Cooper Tire & Rubber Co.’s argument to force a $2.5 billion takeover by Apollo Tyres Ltd. centers on the reluctant suitor’s insistence that the price be reduced, Cooper said in Delaware Supreme Court papers.
The company’s lawyers will argue at a Dec. 19 hearing that Apollo violated the merger contract by insisting that any agreement with the United Steelworkers union include reduction of the previously agreed-upon $35 a share, court papers show. Cooper shares today were trading below $24.
“Apollo’s attempt to use its negotiations with the USW to extract a price reduction from Cooper constituted a material breach of the merger agreement,” Cooper said in a filing late yesterday.

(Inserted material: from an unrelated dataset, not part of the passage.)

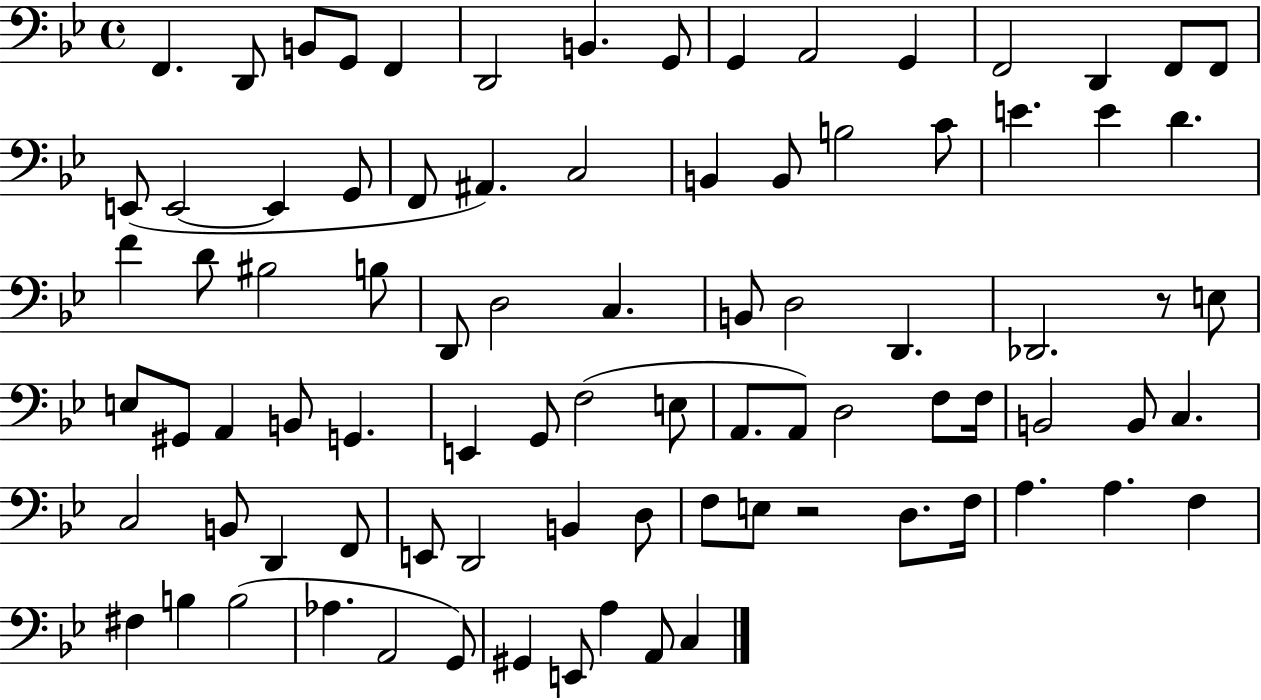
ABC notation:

Cooper, based in Findlay, Ohio, said on June 12 that it would be bought by Apollo. It sued Apollo to enforce the buyout after the Gurgaon, India-based company failed to close the deal.
After a Delaware Chancery Court trial in November, Judge Sam Glasscock III ruled that Apollo didn’t breach its contractual obligation to use its best efforts to resolve disputes with the union and he couldn’t order Apollo to complete the buyout.
Cooper appealed to the state’s high court, contending that Glasscock erred and that Apollo’s “selfish desire” and insistence on a price break constitute a violation.
Apollo should complete the deal at $35 or pay a $112.5 million “reverse breakup fee” to walk away, Cooper said.
Apollo’s briefs for the hearing were filed under seal and aren’t available to the public.